As one can see, it's pretty much India, Bangladesh and Pakistan surrounded by the warm waters of the Indian Ocean.
And this is Everest, the world's highest peak, standing 29,029 feet above the level of the sea.
The Himalayas, the range in which Everest is a part of, are so tall that they amplify the power of the Indian Ocean monsoon, bringing water to one billion people.
This is an alternate sub-Himalayan Asia:
As you can see, Borneo has blocked off the Bay of Bengal and Sumatra has become an extension of western India. The rest of Indonesia and the Philippines don't exist physically.

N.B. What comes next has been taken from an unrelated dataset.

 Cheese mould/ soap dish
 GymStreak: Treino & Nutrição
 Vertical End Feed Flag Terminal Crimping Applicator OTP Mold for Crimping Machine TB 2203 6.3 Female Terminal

The location, shape, length and width of the Himalayas are the same. But in this alternate scenario, the highest number has shifted from 29,029 feet above sea level to 33,500 feet, the equivalent to Mauna Kea, Hawaii, the REAL tallest peak in the world.
Another change is that the sea dividing Europe from Africa isn't Mediterranean, but Tethys.
This super-sea that connects the alternate Asia to the alternate Atlantic, as it used to back home, averages 1205 meters in depth and has a maximum of 7,000 meters.
Would these three changes bring a dramatic difference to the Indian Monsoon, or would it stay the same?